Because the agents are choreographed they will do things at the same time and conflict with each other. For example the error rate ant will try to clear the error rate on a pod while the memory ant is restarting that same pod. The end state is a working system but the error ant itself will report failures (and pollute the shared memory with that failure) making it difficult to track which ants are being effective and which aren't. I haven't decided if the problem is division of ant responsibility, a shared memory challenge, or a problem with how I am measuring success. This type of race condition issue is common in event based systems and I suspect the answer to how we should deal with it can be informed by what we have learned building any sort of choreographed architecture. For now I have decided not to try to stop this from happening, but to make the ants smart enough to understand that it can happen and they need to be aware that there are other ants without getting hung up on coordinating with them. We will see how this goes.

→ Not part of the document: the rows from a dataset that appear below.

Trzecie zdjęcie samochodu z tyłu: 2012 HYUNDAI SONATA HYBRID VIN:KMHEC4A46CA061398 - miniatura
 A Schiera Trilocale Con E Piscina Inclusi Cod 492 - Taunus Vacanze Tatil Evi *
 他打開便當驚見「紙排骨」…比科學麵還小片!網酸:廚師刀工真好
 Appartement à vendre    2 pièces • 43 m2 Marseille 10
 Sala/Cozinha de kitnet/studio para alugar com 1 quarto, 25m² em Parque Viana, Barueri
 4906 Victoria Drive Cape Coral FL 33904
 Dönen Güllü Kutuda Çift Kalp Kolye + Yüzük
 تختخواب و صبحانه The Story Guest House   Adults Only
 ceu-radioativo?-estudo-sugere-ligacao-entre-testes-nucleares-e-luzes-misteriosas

The current version of the ants don't learn from past mistakes. As mentioned above there is no ant evolution going on here. The colony will put an ant to sleep if it fails to get expected results consistently, but ants don't learn anything from their failures. For example, if I disable the override for the latency injection feature, the latency ant will continue to reset the latency setting indefinitely with no result without thinking "maybe I should try something else". It has a reset hammer and it is going to use it. I want the ant to see the repeated failures and think "something else must be wrong". To get the behavior wanted I had to actually tell it to stop and think about another fix if it has seen multiple failures. While I don't think this will cause me problems down the road, I worry that I'm somewhat orchestrating the ants actions in my instructions and that defeats the whole purpose of the experiment. Perhaps I'm over-thinking this one.  Interestingly, as noted above, the ants seem better at recognizing that they need to wait for another ant to do something than they are at seeing that trying their own failed action over and over again wouldn't fix a problem.

Finally, because the goal of the system is only to restore service (not to correct underlying problems) the ants will get into loops of maniacally restarting pods etc. Much like automation that clears out a log directory when it gets full will merrily delete your tomcat logs every 12 minutes for 3 months without ever raising a flag that says "hey, why is this tomcat log directory filling up every 12 minutes", the current iteration of ants isn't smart enough to say "I've fixed a memory leak in this pod every 7 minutes all day, there must be something that needs an actual fix here". To me this is the next step in their growth. To do this they will need better situational awareness than I have provided; more advanced memory; and probably the capacity to hand off tasks to specialist ants that deal with more complex investigation (an L2 investig-ant?). I want to push the simple model as far as it can go before I complicate it with multiple layers, but there is a point where we will lose the simplicity if we try to make the individual ants more sophisticated. Perhaps I should think of it as passing problems on to a different ant specialization - the restoration of service ant can pass a problem on to a code fix ant? We will need to see how it comes together.

All in all the experiment has been an adventure and I look forward to sharing what I learn next.